HOW LARGE IS ARGENTINA'S PAMPAS?

Argentina's pampas covers about one fifth of the country's total area. It is a very fertile grassy plain that extends about 300 miles northwest, west and south of Buenos Aires. It covers about 300,000 square miles.

The word "pampa" comas from a Quechua Indian word meaning "plains." The pampas lies to the east of the Andean foothills and south of Argentina's dry, scrub Chaco region. It also extends to a treeless expanse in Paraguay, Uruguay and even into parts of southern Brazil.

Sloping upward very gradually, the pampas starts in the south at the coast. Its northern end is deep within the interior of the continent.

There are two parts of the pampas, each with its own type of climate. The western part is known as the dry pampas, while the moister eastern part is called the humid pampas. The humid pampas makes up what many experts consider the best farming area in all of South America.

At one time much of the dry and humid pampas was overgrown with monte, a covering of scrubby trees and coarse grasses. In the early 1500s when the Spanish arrived, they found the Indians burning the monte for purposes of warfare and hunting game. Because of these prolonged burnings, there has been a decrease in the woody vegetation and an expansion of grasses.

For more than 300 years, settlement of Argentina was only within the immediate area of Buenos Aires. Cattle ranching for production of hides, meat and tallow was the chief industry.

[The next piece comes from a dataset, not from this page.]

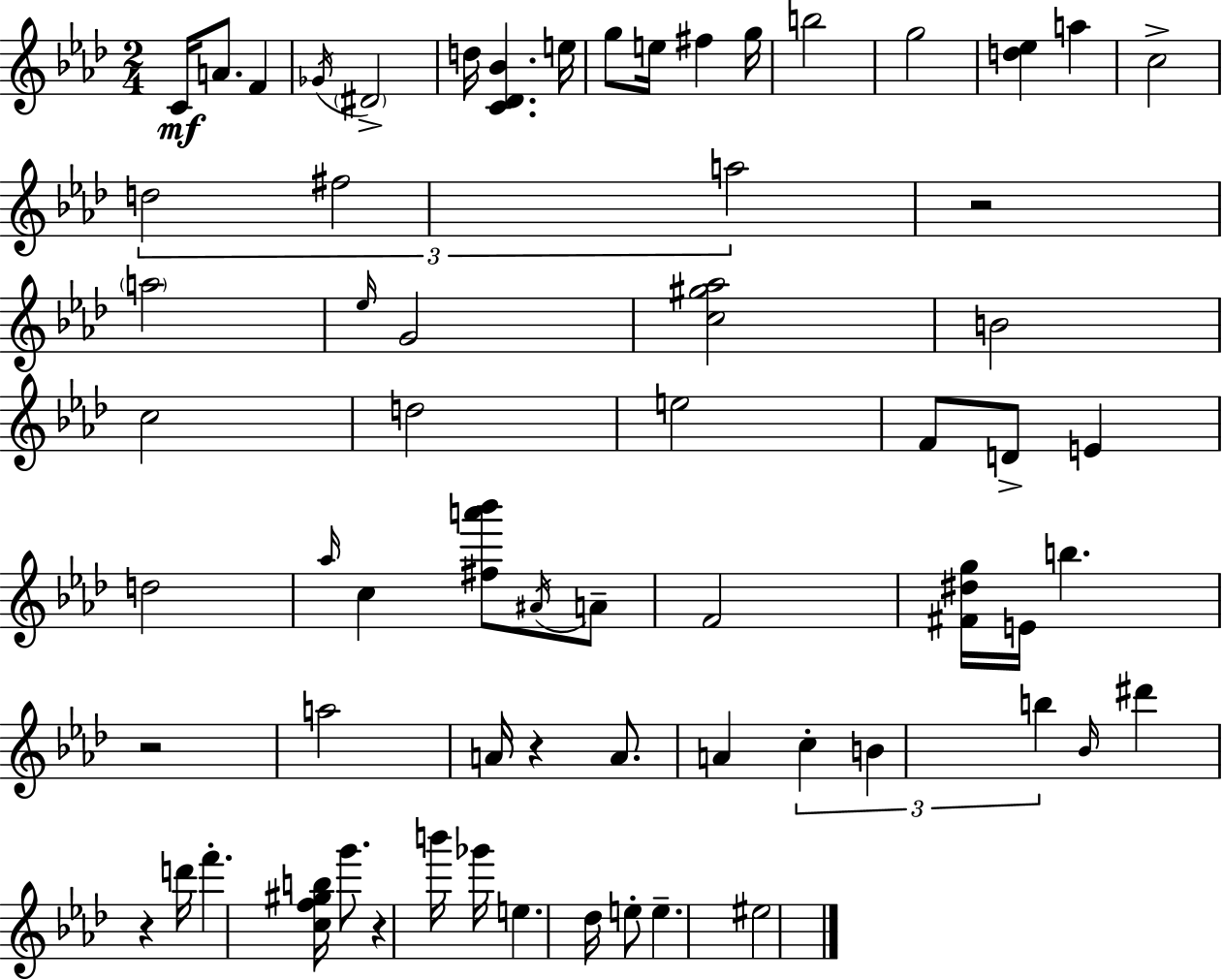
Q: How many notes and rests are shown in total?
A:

As time passed, cowboys called gauchos herded the cattle and fought with Indians in the vast back country.

Things started to change in the pampas in the middle of the 19th Century. The Indian tribes were pushed back and subdued sad the government sponsored immigration campaigns to encourage the settlement of the land.

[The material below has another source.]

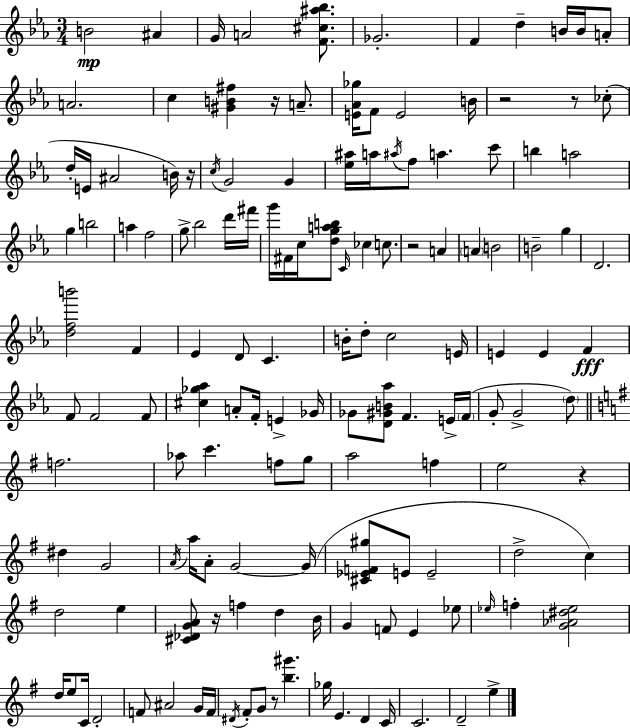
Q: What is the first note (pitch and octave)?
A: B4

Also changing the face of the land were the railways, which made it possible for goods to be shipped from the pampas to Buenos Aires' great port.

Three waves of settlers moved into the pampas after it was no longer dominated by the Indians. The first were the sheep ranchers who took over vast territories.

Then came the cattleman, who introduced alfalfa, which increased the grazing capacity of the land by about six tines.

The final wave was made up of crop growing farmers. They established large scale operations with farming colonies to provide the workers that were needed. Corn was one of the early major crops.

The population of the pampas was dominated by those with European backgrounds. The immigrants were mostly from Spain and Italy.

Cattle raising still is the chief source of income in the dry pampas to the west. In the eastern humid pampas, farmers grow much wheat, alfalfa, corn and flax.

Farmers near the urban centers grow fruit and vegetables.